The matters in dispute concern the cause of the various leaks, and the
responsibility for repairing or preventing those leaks, and
this is complicated
by the fact that the same leaks have been occurring to a greater or lesser
degree since the time the Applicants
purchased Lot 52, and possibly before that
time.
It is accepted by the parties to the dispute that there were
"on-going problems with the penthouse roofs" at least from 2000, and
the
Applicants noticed damp patches inside the kitchen of Lot 52 at the time of
purchasing it in 1996.
In February 2004, Mark Anttilla (Mr
Anttilla) of BSW Pty Ltd engaged by the body corporate carried out 6 tests
on the roof of the Applicants’ lot. Mr Anttilla found that
by flooding
areas of the roof, he could make water appear on the interior of the
Appellant’s lot at the lounge window, inside
the tile joints inside the
slider door by the pool, in the kitchen from the stink pipe, and in the bedroom
from the BBQ area.
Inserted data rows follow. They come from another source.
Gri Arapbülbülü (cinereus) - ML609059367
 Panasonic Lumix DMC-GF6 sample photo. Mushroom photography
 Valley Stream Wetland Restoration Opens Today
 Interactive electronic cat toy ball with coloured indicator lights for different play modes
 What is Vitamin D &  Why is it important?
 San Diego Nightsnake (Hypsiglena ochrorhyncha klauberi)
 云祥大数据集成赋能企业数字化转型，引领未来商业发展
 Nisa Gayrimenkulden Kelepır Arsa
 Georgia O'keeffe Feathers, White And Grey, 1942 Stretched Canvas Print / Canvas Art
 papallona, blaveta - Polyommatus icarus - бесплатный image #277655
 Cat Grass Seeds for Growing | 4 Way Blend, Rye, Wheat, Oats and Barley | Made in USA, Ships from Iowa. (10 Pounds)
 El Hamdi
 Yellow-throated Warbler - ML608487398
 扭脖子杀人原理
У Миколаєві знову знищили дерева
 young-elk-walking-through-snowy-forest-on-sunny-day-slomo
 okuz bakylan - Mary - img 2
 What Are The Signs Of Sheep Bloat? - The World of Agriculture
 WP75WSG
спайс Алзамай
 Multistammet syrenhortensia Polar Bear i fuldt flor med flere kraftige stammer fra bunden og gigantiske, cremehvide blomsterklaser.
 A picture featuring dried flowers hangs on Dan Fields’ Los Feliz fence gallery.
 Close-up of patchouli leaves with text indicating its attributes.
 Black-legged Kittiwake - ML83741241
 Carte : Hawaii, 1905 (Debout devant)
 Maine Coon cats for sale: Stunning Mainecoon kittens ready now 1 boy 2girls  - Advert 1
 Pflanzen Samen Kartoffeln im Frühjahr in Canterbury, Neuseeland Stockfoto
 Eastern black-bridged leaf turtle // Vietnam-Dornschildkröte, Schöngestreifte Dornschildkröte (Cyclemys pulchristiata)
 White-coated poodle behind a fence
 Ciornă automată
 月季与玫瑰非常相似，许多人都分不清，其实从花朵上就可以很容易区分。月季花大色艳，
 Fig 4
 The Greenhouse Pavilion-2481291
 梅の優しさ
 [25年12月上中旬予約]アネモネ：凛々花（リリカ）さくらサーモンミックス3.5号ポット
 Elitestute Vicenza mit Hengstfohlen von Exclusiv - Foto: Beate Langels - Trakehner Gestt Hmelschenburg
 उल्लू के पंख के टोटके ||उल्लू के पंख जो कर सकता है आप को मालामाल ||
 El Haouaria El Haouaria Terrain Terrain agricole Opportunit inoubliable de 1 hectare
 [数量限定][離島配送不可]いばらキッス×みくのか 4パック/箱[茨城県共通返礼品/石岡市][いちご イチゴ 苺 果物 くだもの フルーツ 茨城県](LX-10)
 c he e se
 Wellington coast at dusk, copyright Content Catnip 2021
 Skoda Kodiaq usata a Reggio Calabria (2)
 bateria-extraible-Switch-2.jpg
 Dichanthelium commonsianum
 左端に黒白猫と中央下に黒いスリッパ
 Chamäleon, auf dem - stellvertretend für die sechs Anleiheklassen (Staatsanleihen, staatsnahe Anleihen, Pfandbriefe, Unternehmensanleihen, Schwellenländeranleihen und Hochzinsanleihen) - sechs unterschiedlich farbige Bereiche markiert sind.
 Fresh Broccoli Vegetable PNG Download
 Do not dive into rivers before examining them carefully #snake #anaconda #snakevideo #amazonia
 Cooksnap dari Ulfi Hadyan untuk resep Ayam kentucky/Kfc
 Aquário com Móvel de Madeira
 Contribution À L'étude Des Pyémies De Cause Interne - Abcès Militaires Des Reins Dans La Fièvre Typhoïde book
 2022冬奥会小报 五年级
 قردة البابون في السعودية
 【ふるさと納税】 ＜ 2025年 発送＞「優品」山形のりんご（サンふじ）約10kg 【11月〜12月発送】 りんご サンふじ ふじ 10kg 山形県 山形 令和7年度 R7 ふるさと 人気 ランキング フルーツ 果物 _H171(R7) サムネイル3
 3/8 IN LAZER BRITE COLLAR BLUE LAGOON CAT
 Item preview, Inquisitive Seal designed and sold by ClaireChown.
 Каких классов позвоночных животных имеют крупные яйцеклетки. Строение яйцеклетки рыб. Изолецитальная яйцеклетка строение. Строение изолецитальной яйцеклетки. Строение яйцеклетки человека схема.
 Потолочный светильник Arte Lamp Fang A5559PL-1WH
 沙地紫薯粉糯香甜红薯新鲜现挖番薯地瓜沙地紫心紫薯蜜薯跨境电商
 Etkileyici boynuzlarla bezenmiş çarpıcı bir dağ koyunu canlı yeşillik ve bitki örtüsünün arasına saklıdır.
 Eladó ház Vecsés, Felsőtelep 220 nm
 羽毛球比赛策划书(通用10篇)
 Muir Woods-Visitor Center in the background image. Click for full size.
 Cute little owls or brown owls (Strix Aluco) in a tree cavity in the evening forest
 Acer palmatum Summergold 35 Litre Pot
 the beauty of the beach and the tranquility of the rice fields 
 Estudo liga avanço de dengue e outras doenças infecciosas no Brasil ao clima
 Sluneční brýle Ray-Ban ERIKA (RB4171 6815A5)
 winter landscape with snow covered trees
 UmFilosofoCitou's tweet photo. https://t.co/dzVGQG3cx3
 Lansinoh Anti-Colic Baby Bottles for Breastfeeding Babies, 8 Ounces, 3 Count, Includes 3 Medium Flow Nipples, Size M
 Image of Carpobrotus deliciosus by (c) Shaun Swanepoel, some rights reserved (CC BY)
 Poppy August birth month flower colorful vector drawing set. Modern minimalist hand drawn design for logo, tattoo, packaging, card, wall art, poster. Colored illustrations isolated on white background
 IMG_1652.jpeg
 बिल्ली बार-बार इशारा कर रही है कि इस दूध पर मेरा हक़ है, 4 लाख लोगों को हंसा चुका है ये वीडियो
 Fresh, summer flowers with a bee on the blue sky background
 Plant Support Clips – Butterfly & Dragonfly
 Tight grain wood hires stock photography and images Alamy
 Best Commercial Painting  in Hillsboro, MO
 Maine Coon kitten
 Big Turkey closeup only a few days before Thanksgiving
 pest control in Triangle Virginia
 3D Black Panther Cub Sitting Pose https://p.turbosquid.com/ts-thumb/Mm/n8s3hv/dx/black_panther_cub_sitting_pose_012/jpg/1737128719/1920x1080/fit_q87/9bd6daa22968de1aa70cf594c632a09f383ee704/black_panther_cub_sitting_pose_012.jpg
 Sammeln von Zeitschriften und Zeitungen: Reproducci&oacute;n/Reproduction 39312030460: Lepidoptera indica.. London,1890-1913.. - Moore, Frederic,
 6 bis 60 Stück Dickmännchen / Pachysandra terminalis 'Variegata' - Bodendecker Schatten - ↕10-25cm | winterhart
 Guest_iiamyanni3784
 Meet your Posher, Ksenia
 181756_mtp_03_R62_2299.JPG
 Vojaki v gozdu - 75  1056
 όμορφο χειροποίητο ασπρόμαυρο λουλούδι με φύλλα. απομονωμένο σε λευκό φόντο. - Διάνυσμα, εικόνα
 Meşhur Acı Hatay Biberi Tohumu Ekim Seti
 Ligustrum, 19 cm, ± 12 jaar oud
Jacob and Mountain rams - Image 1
He
was unable to confirm penetration in other areas,
although there were visual signs of water ingress. He also noted that the
external
deck was higher than the internal finished floor in both units 51 and
52, and that the primary source of water ingress appears to
be through the hob.
He believed that the upstand details were defective.
By April 2004,
Burchills had been involved, and a contract drafted between a contractor,
Burchills as superintendent and the body
corporate as principal. Remedial
tendered for the contract in August 2004. At some time between August and the
end of November 2004, the body corporate made extensive repairs to the
roof of Lot 52, following meetings with the Applicants and listing their
complaints
about water ingress.
The body corporate replaced the
roofing membrane of the eastern part of the patio, but it was agreed with the
Applicants that it would
cost the body corporate too much to redo the whole roof
which would require the removal of the Applicants’ swimming pool and
replacement of the membrane under the pool. The Applicant William Butler is a
builder and was aware that the join between the two
membranes could be an area
of future susceptibility. In a letter dated 8th November 2004 to
Burchill, he said :
"As the existing membrane extends under the pool
(Pool built on top of membrane) we accept that the cost to remove and replace
the
Pool to allow membrane under to be replaced would be prohibitive. However,
attention should be given to sealing new membrane under
pool before any turn up
around pool is undertaken."
Mr Symes, mentions this letter and says
that "during the repairs" it was found that the pool was leaking, and that the
Applicants
acknowledged that there were defects in the pool walls and said they
intended to repair them. This information was apparently in
a letter dated
19th November 2004 from the Applicants to the body corporate with
which I have not been provided. Remedial refers to this incident in
its
warranty dated 12th May 2005, which carries the rather ambiguous note
-
"Prior to installation of the membrane we informed the body corporate
that the existing pool structure was leaking and was still
leaking prior
to our completion of the project." (my underlining)
The Applicants,
however, deny that there was ever any evidence of any water penetration through
the membrane under the pool, even
though with the removal of the substructure, a
number of minor leaks were evident in the pool wall which were subsequently
repaired
and tested satisfactorily by them.
The body corporate also
tackled the "primary source of water ingress" being the leaks around or through
the fitting of the large glazed
windows and the sliding door onto the roof. (
leaks 8 and 9).
The Applicants say Burchills certified that the work was
"complete and free from defect" on 1st December 2004. I have
not seen those words in any document produced to me. In fact, the body
corporate received a Practical Completion Certificate on 1st December
2004 certified by the same Mr Bell who is a director of Strata. Mr Bell is a
registered professional engineer and managing
director of "belleng Pty Ltd" and
certified the work as being " generally in accordance with our approved
documentation and therefore acceptable to be classed as practically
completed" with a defects liability period of 26 weeks ending on
1st June 2005.
Strata is a division of Burchills, and on
1st February 2007 in responding to my letter to the body corporate,
Mr Bell signed as "Principal, Body Corporate Services" for Strata.
Clearly, the
Certificate of Practical Completion is not a document produced by an independent
inspector, but is merely a formal
note of the finalisation of the
contract.
However, the Applicants fax to the body corporate manager on
9th December 2004 make it clear that the contract had not in fact
been competed. In addition, the membrane had not been tested, before
tiles had
been laid on top of it. The Applicants noticed a new leak below the pool
area, appearing in the kitchen ceiling (leak
6) at Easter 2005, and then on
30th June 2005, a torrential rainstorm caused leaks as detailed.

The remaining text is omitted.